Exercise requirements
Exactly retype the lines below from the one containing "Raspadores dobles de" through the end of the listing. Leave pictures out.

The data
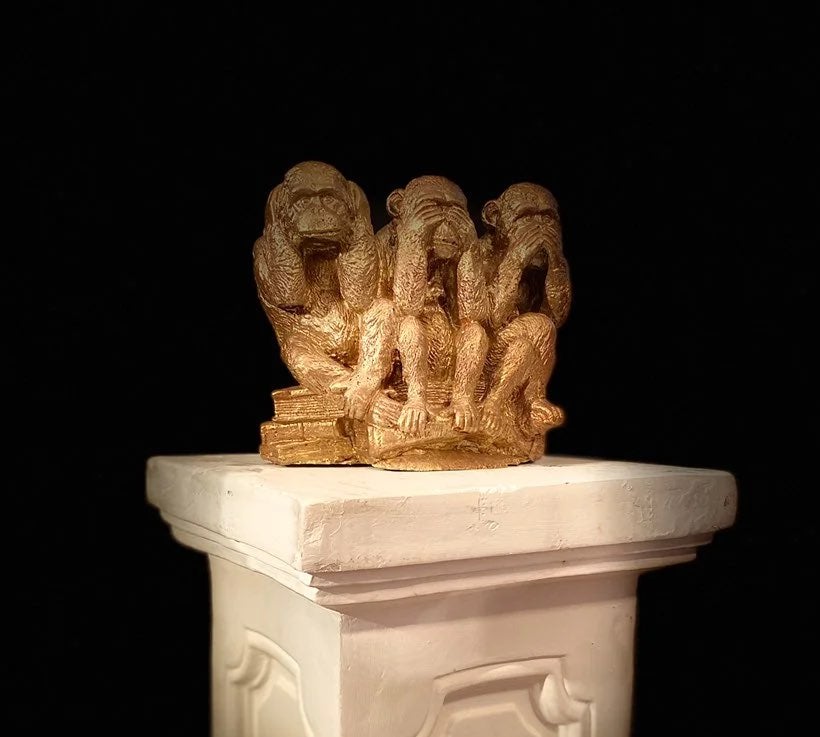 Golden No Evil Monkey Statue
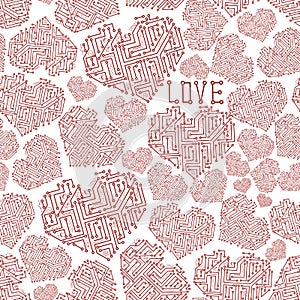 Printed red electrical circuit board heart symbol seamless pattern eps10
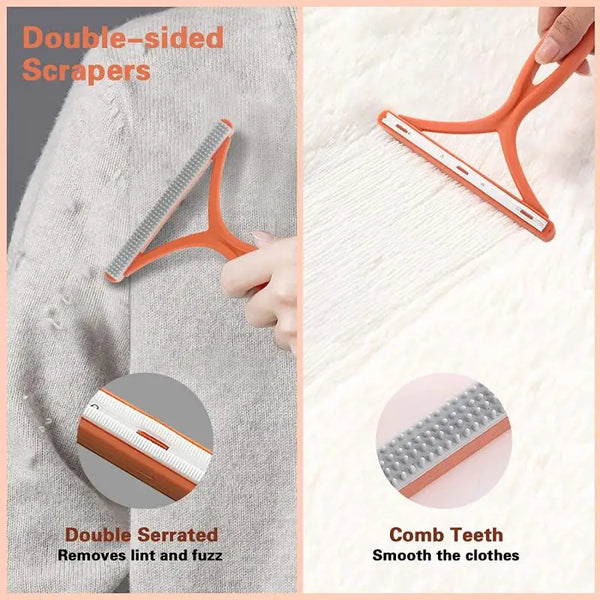 Raspadores dobles de silicona naranja para quitar pelusas y pelusa de la ropa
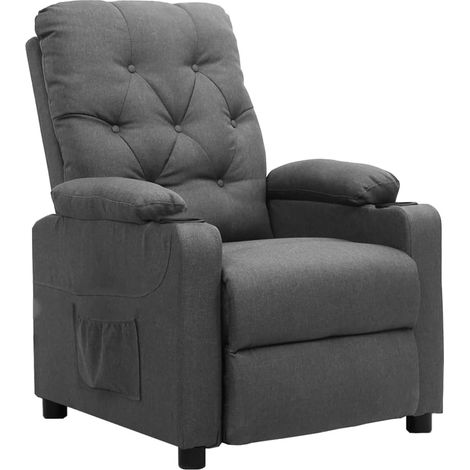 Fauteuil inclinable Fauteuil Relax - Fauteuil Salon Gris clair Tissu BV190378 - BonneVie (1/5)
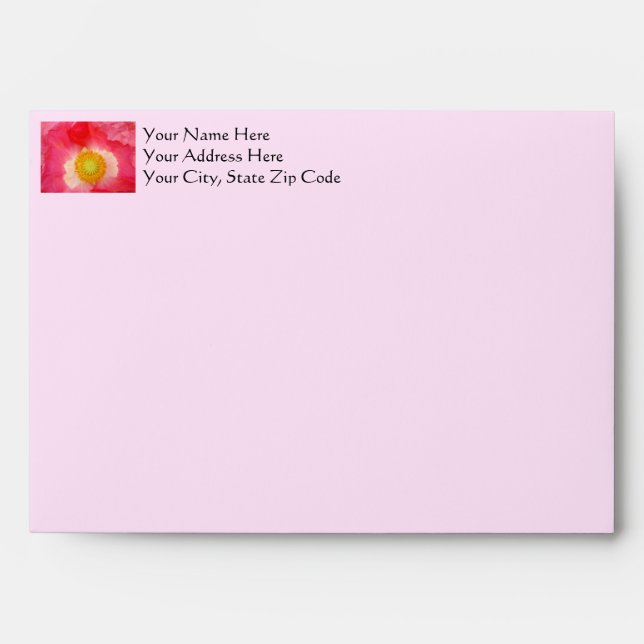 Pink envelopes Invitations Greeting Cards Poppies (Front)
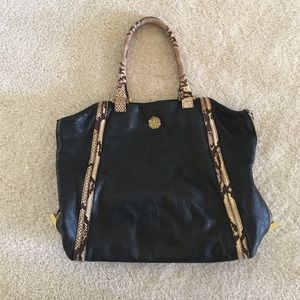 Tory Burch Black Leather and Snake Skin Tote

Result of this task
 Raspadores dobles de silicona naranja para quitar pelusas y pelusa de la ropa
 Fauteuil inclinable Fauteuil Relax - Fauteuil Salon Gris clair Tissu BV190378 - BonneVie (1/5)
 Pink envelopes Invitations Greeting Cards Poppies (Front)
 Tory Burch Black Leather and Snake Skin Tote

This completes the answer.